Could you print the listing again exactly, omitting the pictures?
───── Data ─────
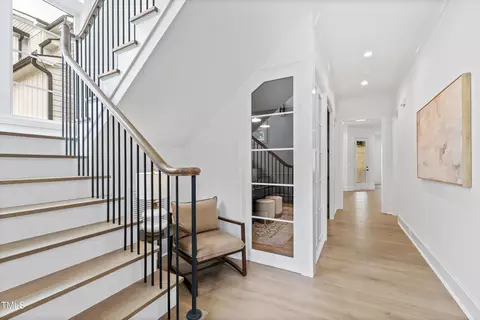 2417 Mayview Rd, Raleigh, NC 27607 photo 4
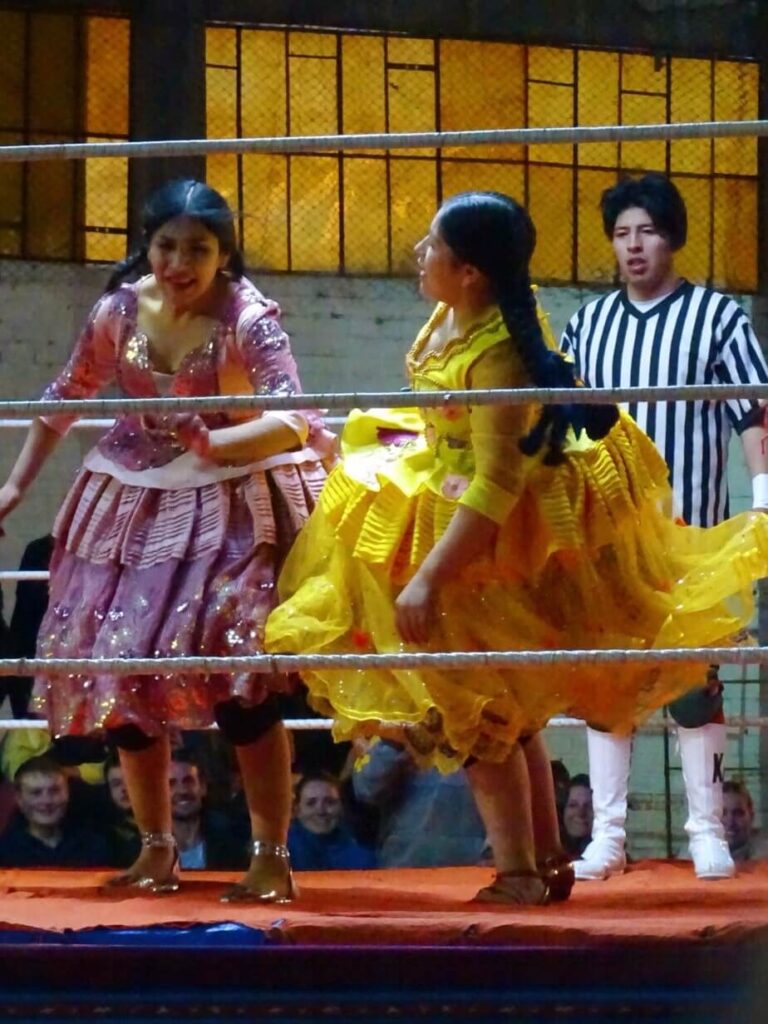 Cholita wrestling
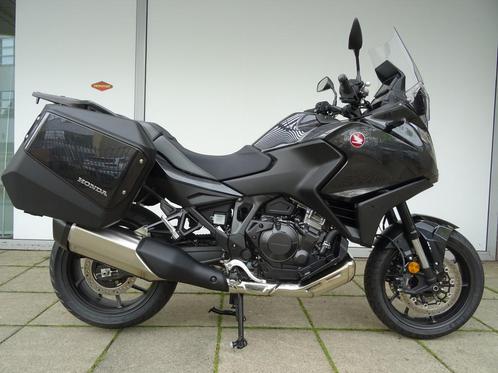 Honda NT1100 (bj 2023), Motoren, Motoren | Honda, Bedrijf, Toermotor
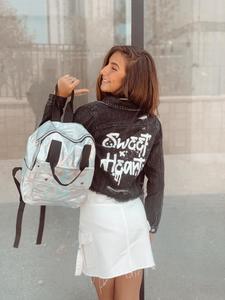 תיק גב עם מחזקי מפתחות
─────
§ Result for this task
 2417 Mayview Rd, Raleigh, NC 27607 photo 4
 Cholita wrestling
 Honda NT1100 (bj 2023), Motoren, Motoren | Honda, Bedrijf, Toermotor
 תיק גב עם מחזקי מפתחות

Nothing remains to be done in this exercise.